The regulatory reform research project will be undertaken by an interdisciplinary and multi-institutional team from Victoria University, Chapman Tripp and the New Zealand Institute of Economic Research (NZIER).
“The Law Foundation’s core focus is to support independent legal research into the major legal challenges facing our country. We identified regulation as an area of national importance because the impacts of bad regulation can be spectacular,” says Lynda Hagen, Executive Director of the Law Foundation.
The two year project includes analysis of current regulatory frameworks in order to produce a series of practical outcomes to ensure regulators can achieve consistent and quality regulatory reform.
During important stages in the project, workshops will be held with key stakeholders such as government officials and other regulatory bodies. This will help ensure the outcomes are practical, measurable and can be implemented.

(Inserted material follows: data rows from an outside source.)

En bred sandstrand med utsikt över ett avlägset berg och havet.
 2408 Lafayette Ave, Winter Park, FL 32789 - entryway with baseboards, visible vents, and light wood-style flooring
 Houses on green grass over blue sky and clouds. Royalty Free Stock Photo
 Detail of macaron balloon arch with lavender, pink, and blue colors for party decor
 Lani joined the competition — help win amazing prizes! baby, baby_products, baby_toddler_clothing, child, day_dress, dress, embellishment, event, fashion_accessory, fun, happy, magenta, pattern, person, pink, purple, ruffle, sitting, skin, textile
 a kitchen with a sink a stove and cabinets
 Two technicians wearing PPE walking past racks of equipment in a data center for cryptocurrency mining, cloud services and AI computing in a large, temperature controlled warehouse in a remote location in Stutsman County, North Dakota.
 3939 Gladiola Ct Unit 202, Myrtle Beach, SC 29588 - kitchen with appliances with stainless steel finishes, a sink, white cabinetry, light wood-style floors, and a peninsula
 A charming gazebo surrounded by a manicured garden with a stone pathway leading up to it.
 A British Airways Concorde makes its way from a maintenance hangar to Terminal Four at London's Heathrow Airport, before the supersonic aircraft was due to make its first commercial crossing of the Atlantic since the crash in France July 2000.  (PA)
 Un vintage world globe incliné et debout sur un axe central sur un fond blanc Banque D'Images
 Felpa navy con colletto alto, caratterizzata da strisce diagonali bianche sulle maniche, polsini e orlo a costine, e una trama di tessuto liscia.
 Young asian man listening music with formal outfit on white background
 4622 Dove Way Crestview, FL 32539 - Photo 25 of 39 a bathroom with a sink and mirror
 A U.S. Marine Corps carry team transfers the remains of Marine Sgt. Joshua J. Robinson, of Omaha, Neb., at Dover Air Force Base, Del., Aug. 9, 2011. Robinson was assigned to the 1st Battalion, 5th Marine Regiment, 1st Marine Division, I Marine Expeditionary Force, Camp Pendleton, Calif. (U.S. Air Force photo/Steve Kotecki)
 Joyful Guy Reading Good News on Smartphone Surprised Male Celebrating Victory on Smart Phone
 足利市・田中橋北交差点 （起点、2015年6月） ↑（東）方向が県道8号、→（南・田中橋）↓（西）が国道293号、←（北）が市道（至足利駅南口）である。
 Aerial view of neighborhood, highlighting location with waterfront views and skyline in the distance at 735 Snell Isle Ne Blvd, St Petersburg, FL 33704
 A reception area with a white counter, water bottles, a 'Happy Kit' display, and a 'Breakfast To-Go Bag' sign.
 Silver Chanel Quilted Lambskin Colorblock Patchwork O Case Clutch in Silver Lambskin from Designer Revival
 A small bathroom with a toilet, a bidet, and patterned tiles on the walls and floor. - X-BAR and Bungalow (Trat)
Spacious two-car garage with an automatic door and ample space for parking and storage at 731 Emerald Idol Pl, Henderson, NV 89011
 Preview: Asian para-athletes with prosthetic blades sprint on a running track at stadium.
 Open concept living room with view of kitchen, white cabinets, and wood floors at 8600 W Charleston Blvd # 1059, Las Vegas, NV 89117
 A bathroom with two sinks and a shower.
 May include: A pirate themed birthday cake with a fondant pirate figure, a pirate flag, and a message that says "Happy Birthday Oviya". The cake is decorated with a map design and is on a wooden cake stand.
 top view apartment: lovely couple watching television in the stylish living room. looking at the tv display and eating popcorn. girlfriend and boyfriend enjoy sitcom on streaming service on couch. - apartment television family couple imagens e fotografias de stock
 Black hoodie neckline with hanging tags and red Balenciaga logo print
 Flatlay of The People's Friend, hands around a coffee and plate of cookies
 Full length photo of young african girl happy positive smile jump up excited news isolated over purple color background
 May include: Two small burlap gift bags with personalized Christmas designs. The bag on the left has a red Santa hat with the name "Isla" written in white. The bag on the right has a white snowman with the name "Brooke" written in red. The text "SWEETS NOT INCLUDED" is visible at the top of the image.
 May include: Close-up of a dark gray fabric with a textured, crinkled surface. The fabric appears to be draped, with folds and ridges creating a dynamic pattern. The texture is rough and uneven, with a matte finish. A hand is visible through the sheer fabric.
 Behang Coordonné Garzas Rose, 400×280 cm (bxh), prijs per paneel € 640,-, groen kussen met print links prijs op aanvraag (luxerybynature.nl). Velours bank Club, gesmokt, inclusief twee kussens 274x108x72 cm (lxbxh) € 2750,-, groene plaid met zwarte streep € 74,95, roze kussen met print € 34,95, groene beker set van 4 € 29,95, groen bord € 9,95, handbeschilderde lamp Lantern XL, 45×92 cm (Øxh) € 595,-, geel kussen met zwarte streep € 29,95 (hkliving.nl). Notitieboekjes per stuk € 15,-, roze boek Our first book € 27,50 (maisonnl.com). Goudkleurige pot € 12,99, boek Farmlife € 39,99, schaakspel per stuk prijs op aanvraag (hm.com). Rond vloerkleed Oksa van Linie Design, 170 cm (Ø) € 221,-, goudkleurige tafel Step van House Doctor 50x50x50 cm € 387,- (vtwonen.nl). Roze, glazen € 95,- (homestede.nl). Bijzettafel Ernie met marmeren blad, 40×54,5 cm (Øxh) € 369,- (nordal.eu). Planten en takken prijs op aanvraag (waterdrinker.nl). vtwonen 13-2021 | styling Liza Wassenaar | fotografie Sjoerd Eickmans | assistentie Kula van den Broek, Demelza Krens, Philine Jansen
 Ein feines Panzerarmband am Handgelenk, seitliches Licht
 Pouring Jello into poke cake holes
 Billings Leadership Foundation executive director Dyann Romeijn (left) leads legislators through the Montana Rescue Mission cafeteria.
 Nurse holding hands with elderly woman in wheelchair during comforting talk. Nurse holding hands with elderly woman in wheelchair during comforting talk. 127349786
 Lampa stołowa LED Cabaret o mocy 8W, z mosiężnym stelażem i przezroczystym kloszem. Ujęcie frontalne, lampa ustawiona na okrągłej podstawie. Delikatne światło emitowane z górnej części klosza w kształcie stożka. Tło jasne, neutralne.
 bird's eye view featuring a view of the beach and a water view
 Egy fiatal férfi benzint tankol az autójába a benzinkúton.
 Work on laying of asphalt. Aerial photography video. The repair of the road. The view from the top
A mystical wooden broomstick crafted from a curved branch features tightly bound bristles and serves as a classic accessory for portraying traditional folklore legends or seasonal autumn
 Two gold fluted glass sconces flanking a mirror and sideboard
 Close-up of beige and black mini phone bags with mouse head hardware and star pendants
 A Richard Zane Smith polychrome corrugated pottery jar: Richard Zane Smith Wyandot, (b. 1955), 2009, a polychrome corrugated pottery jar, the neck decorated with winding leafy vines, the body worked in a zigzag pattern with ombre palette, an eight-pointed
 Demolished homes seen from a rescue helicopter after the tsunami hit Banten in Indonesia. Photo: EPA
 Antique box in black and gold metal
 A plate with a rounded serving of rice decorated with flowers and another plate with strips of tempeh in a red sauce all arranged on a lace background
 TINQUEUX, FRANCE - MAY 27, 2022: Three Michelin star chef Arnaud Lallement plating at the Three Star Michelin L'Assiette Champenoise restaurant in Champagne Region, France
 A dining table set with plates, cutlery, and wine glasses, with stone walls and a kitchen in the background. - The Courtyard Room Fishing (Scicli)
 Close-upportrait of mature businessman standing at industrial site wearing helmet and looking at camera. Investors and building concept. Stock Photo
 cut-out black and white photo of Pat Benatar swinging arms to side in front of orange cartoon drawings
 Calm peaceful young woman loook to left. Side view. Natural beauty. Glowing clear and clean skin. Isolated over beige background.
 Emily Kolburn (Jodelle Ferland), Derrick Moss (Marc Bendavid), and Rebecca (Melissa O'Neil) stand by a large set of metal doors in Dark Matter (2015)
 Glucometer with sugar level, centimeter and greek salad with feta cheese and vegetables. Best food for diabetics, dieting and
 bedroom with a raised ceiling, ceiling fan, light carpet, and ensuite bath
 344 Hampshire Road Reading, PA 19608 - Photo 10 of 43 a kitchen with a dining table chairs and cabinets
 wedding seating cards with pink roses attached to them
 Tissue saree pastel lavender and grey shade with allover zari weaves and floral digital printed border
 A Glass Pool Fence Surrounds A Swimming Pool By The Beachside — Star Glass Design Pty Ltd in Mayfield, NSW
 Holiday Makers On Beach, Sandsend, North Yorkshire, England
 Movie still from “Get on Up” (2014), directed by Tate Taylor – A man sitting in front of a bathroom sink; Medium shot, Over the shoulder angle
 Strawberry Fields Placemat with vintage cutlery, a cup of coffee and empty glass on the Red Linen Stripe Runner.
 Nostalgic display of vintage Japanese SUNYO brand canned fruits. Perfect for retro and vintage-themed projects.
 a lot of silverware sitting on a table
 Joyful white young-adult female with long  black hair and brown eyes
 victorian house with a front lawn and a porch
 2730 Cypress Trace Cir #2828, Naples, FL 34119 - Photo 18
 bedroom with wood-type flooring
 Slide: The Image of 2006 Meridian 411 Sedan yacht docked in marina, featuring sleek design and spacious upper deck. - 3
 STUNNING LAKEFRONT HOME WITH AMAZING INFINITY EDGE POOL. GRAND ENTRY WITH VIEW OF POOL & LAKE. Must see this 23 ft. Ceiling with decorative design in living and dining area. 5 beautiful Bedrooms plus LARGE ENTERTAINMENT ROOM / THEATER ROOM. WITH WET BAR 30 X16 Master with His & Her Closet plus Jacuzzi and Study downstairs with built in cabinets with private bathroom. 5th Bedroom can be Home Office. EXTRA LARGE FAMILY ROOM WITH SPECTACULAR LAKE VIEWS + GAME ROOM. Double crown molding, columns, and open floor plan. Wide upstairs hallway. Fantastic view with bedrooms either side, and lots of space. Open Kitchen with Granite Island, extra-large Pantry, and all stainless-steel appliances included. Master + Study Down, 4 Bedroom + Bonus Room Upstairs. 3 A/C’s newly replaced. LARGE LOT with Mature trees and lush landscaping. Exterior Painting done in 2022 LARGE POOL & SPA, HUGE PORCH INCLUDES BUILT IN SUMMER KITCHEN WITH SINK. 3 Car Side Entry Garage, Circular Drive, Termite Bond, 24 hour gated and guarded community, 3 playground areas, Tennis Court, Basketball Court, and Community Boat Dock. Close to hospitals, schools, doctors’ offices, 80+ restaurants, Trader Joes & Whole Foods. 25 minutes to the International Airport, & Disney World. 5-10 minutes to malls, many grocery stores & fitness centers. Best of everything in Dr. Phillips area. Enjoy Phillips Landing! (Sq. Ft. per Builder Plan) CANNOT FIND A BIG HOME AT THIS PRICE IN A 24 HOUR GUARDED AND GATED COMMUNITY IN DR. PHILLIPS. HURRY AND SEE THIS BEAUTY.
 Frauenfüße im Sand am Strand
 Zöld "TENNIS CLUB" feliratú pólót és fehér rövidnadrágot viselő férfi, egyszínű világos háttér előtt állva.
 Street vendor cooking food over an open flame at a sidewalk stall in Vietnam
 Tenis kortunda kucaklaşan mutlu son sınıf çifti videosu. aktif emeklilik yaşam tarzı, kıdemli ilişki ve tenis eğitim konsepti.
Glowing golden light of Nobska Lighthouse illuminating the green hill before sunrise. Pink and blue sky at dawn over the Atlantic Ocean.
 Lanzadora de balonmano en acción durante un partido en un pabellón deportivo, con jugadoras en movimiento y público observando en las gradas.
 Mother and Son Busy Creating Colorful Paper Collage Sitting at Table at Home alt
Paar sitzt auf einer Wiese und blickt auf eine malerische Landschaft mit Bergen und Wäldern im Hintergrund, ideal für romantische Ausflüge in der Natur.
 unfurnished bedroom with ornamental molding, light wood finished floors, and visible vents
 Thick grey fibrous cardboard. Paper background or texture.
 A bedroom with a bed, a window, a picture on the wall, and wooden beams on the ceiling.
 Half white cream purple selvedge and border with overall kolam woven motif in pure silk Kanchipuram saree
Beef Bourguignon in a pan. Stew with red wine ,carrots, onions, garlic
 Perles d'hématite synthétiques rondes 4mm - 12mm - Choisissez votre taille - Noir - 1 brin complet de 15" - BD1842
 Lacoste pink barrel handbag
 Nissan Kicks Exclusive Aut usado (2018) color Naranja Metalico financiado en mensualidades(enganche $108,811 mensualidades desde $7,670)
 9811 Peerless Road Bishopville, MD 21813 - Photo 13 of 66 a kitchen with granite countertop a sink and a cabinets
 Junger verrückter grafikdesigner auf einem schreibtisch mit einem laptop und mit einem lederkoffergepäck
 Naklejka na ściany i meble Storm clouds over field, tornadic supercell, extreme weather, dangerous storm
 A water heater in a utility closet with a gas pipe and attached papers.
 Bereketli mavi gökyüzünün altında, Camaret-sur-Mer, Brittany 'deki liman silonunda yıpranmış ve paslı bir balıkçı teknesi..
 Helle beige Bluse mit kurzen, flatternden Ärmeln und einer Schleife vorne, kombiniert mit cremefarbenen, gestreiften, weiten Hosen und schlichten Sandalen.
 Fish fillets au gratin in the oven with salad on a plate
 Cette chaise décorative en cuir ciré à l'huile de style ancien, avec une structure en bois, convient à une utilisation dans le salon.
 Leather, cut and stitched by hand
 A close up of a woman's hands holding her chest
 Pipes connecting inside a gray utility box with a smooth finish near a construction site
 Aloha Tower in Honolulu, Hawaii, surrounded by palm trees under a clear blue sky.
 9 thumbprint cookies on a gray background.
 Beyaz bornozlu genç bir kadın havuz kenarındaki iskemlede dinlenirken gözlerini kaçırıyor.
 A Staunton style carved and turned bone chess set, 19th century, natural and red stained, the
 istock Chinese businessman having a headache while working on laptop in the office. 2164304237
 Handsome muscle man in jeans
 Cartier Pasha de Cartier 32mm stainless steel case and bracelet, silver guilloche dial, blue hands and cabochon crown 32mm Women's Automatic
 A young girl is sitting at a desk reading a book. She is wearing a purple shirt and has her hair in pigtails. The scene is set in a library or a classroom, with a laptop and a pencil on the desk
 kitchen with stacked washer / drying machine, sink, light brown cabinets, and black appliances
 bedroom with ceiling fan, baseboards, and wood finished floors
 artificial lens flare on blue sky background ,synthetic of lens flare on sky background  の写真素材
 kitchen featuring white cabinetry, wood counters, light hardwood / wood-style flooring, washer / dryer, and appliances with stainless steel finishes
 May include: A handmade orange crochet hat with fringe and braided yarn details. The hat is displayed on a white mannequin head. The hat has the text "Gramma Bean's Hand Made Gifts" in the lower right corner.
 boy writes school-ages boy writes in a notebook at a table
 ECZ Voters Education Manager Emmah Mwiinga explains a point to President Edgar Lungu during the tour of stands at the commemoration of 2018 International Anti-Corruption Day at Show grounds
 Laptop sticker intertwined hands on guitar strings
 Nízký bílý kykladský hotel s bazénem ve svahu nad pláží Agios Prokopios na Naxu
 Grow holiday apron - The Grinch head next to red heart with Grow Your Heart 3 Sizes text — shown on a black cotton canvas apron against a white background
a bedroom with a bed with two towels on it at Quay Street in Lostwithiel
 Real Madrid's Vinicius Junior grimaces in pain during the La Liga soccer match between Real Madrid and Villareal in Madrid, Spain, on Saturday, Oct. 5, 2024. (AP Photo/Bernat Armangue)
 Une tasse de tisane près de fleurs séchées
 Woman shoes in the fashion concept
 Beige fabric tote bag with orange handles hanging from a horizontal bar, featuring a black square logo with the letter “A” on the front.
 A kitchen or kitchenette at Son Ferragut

The project has also received support from Ministry of Economic Development and Treasury officials and the backing of Minister of Justice Hon Simon Power.
“I welcome the Law Foundation’s decision to carry out this major study of issues around regulatory reform in New Zealand. This Government is acutely aware of the importance of good quality regulation to the economy and society, and this project can offer useful insights to policy makers on making better regulation,” says Hon Simon Power.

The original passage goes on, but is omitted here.